Urbanisation

Economic growth not enough to eliminate rural poverty

Agricultural development, increased wages and off-farm jobs can accelerate rural development

 
By DTE Staff
Last Updated: Thursday 20 October 2016 | 11:20:53 AM

The report says that countries that have achieved rural transformation have managed to reduce poverty
Credit: Caroline Herbert/Flickr

A global report focuses on sustainable agricultural growth, increased wages and creation of off-farm jobs to bring about rapid rural development.

The International Fund for Agricultural Development (IFAD) report says economic growth alone is not enough to eliminate rural poverty, particularly in the Asia and Pacific region.

“The rapid economic growth in the region has come at a cost. Urbanisation has led to a wide income gap between rural and urban areas.

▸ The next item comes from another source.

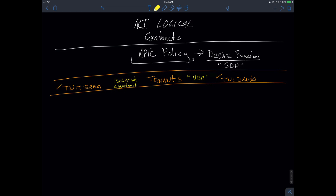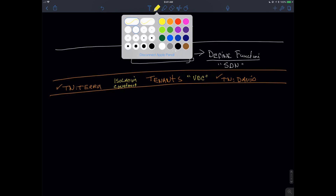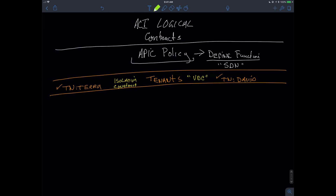The tenant will also contain a series of other constructs. It's also important to understand that we inherit three tenants by default, as we've already seen. The tenant is ultimately going to make reference to other logical constructs, one of which is probably the most fundamental that we're going to be dealing with, and that is going to be the idea of an EPG, or an endpoint group.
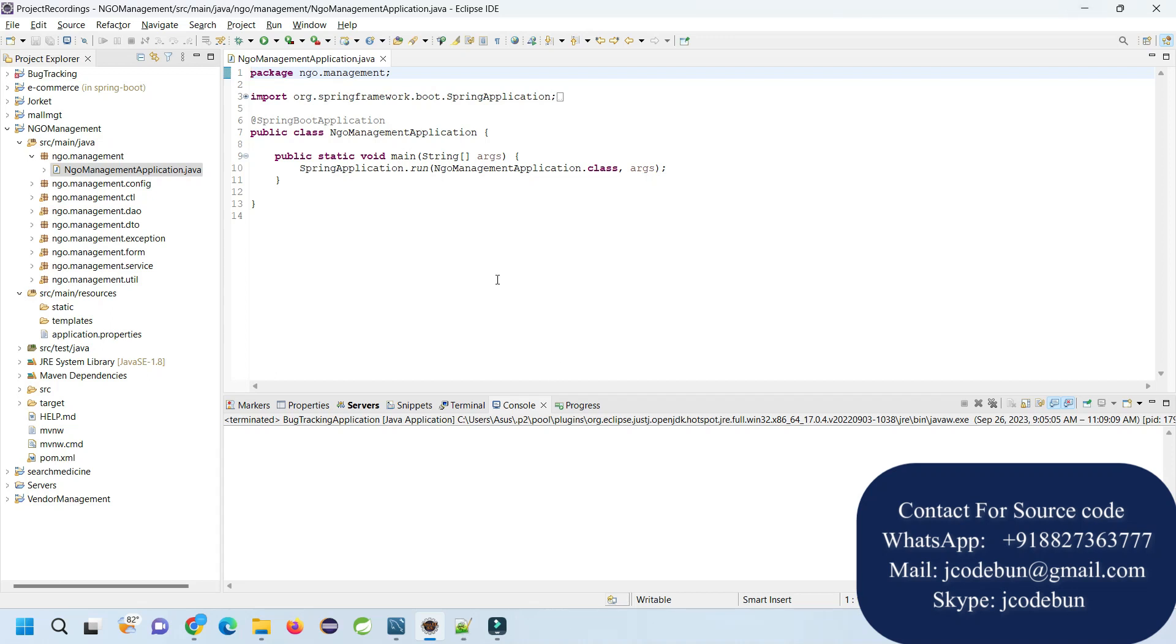Hello everyone, welcome again. In this video, I'm going to show you a demonstration of an NGO management application in Java Spring Boot. It's a web application using Spring Boot as the backend.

In a number of countries malnutrition remains an area of great concern while agricultural production has weighed heavily on existing natural resources,” Perin Saint Ange, the associate vice-president of IFAD, said.

Regional constraint

The report provides country-specific challenges in Asia and the Pacific and says that rural as well as agricultural development is vital for the region’s overall economic growth.

In Asia and the Pacific, the rural sector has been transforming gradually, moving from grain-based production to higher-value production such as livestock and fisheries.

Driven mainly by rising income and urbanisation, food consumption patterns have been changing, shifting from starchy staples and rice towards more fruit and vegetables, livestock and dairy products, fish, sugar and oils.

The report adds that countries that have achieved rural transformation have reduced poverty, which fell from 71 per cent in 1981 to 15 per cent in 2011 across the region.

However, slow transformers have not witnessed the same reduction as fast ones, the report warns. A total of 560 million people (13.6 per cent of the population) in the region were still living on less than US $ 1.25 a day in 2011.

Countries with slow rural transformation need to focus more on improving access of the rural poor to land and credit and boosting investments in agricultural technology and rural infrastructure.